An advantage of using scoping reviews for the three domains is that expert panel members could draw on their knowledge and experience to focus on issues that pertain to improving the well-being of PLHIV but may not yet be extensively documented in the peer-reviewed or gray literature. A further strength of the study was the collection of open-ended (text-based) comments from respondents who agreed with statements (e.g., for further input and suggested edits), as well as from respondents who disagreed (e.g., to understand their rationale and suggested changes). This elicitation and incorporation of feedback from respondents across all three survey rounds (with high response rates, i.e., R1, R2 = 86%; R3 = 91%) and the online meeting were likely critical to the consistent increase in levels of agreement.

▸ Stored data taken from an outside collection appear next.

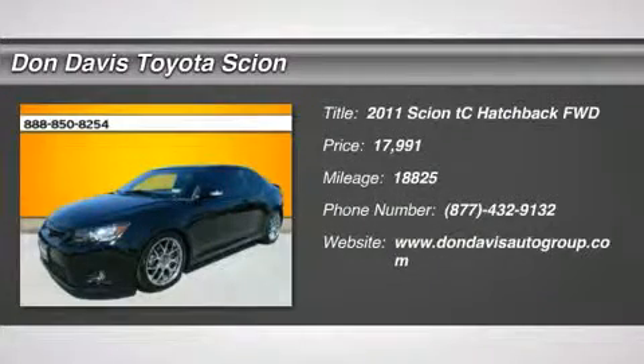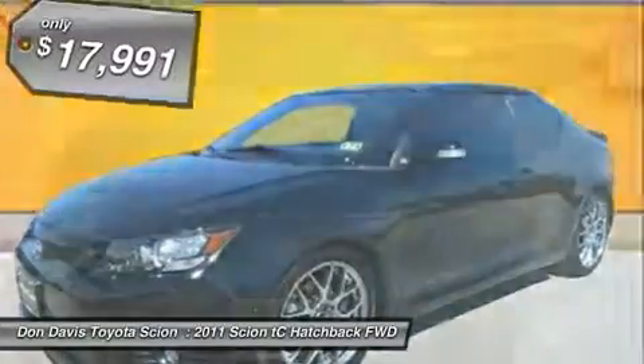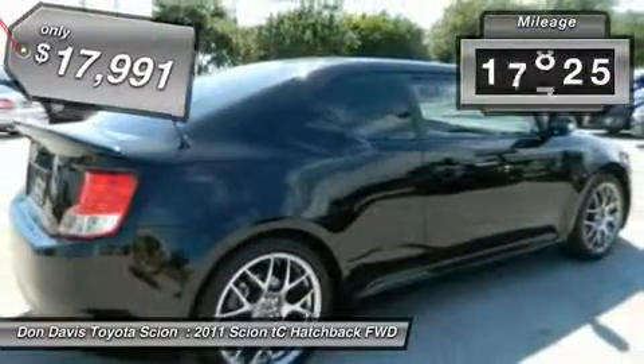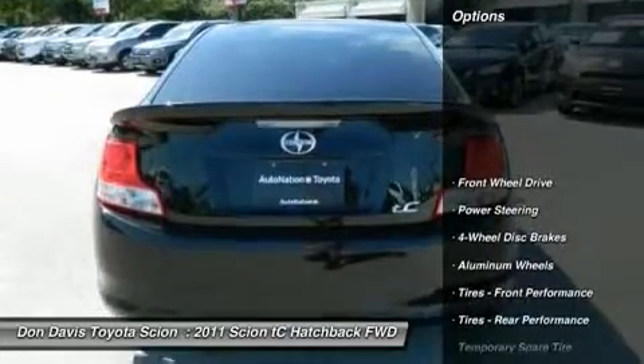The 2011 Scion TC is powered by a spirited engine with completely responsive handling and is priced below $20,000. This vehicle has less than 20,000 miles. Here are some of this vehicle's great options.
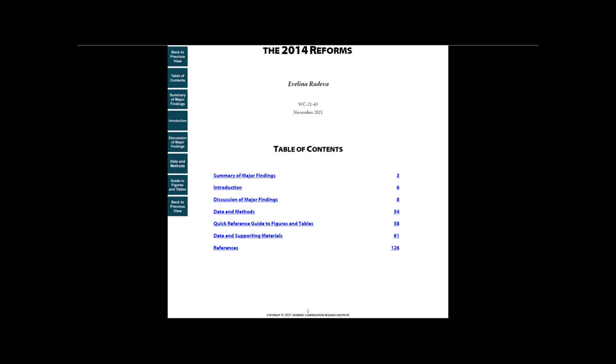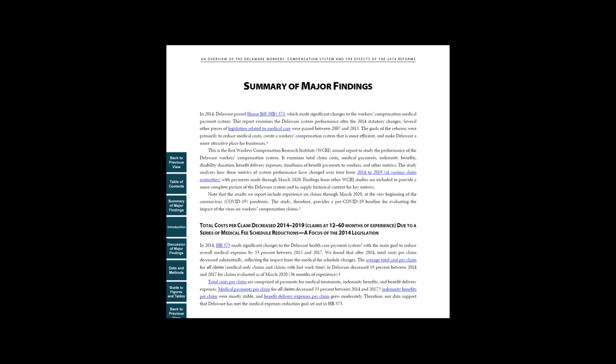From this page, you can jump to many parts of the study. You can also use the square buttons on the left-hand side of the page. Next, click on the summary of major findings.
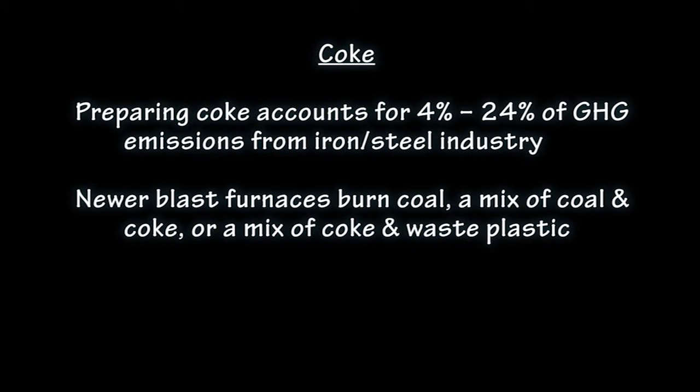Preparing coke accounts for between 4 and 24% of the greenhouse gas emissions from the iron and steel industry. Newer blast furnaces that burn either coal directly, a mix of coal and coke, or a mix of coke and waste plastic decrease these emissions.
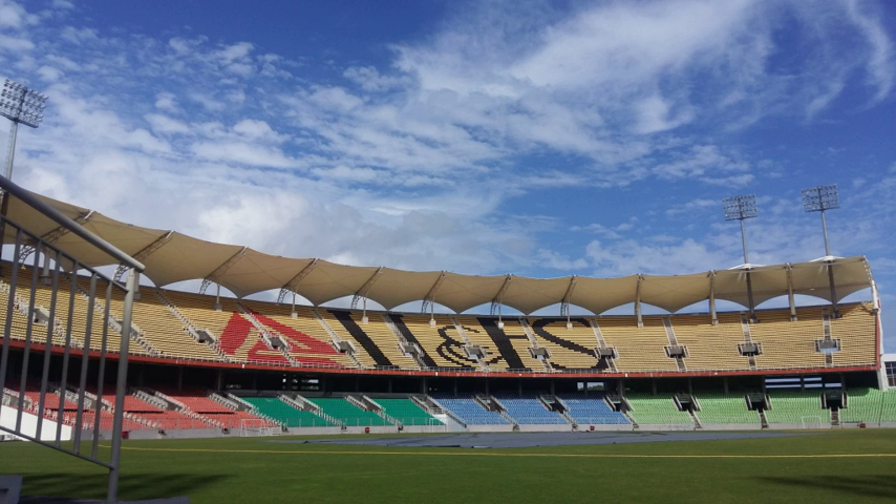On 7 November 2017, India played a T20I against New Zealand on the ground. The match was truncated by rain to eight overs per side, with India winning by six runs. On 1 November 2018, India played against West Indies in an ODI — the second international game at the ground — with the home team winning by nine wickets.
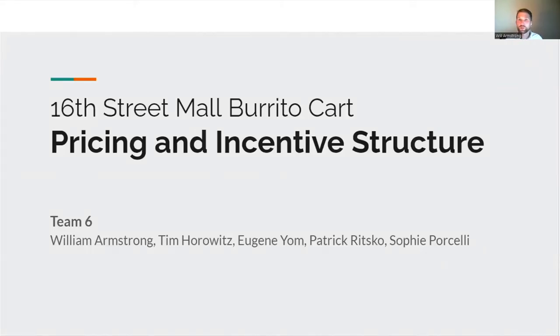Hello, everyone. My name is Will Armstrong, and on behalf of Team 6, welcome to Bronco Burrito on the 16th Street Mall. The goal of our presentation is to provide information about the costs and promotions, and here's what to expect.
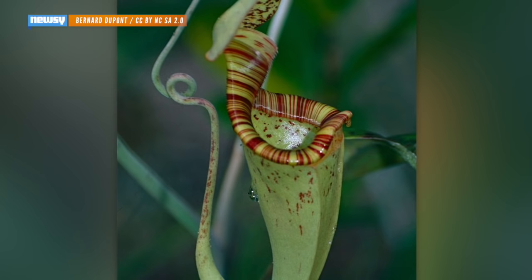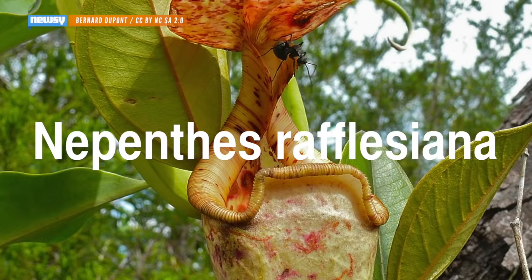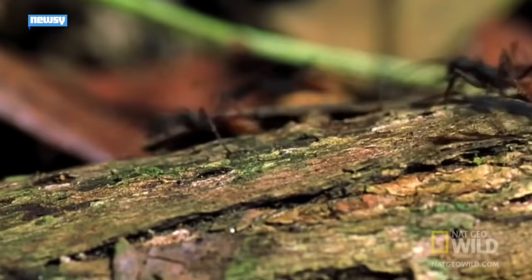If you are already kind of creeped out by carnivorous plants like this pitcher plant, a new study detailing how exactly they trap their prey probably won't help. The study looked at the Nepenthes rafflesianus species and found that the plant is pretty crafty when it comes to trapping ants, its largest food source.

Finally, the worldwide relevance of the expert panel’s consensus is suggested by the fact that the consensus statement had been endorsed by 67 organizations (Box 2) at the time this article went to press.

Conclusion

Prevention and treatment of HIV infection including access to ART remain a major public health and human rights challenge that requires urgent, sustained attention. This consensus statement addresses the concurrent role of health systems in advancing the long-term well-being of PLHIV. Multimorbidity, HRQoL, and stigma and discrimination continue to be major issues for PLHIV, including those who have achieved viral suppression and in particular those from marginalized populations.

The consensus statement was prepared by a large multidisciplinary panel of experts representing the interests of a diverse range of stakeholders including HIV community members. Its purpose was to facilitate consensus on major health-related issues affecting PLHIV to be addressed from a patient-centered perspective, noting that many issues are not captured in current HIV monitoring processes and guidelines. While additional research is needed, the burden of creating new, simple, standardized indicators for insufficiently addressed issues will largely fall on international bodies such as WHO and UNAIDS, both of which have mechanisms for community consultation and engagement. This process will require a strong commitment from all Member States, which must report on the indicators and implement policies to enhance health system performance. We encourage these organizations and national health system monitoring bodies to continue to take on this task, to report at regular intervals, and to meaningfully involve PLHIV, even when additional costs are involved. PLHIV and civil society organizations should also play a role in reporting ways in which governments are not meeting their obligations. Ultimately, a concerted effort by all stakeholders is required to ensure the long-term well-being of the millions of people around the world living with HIV and to end the HIV pandemic.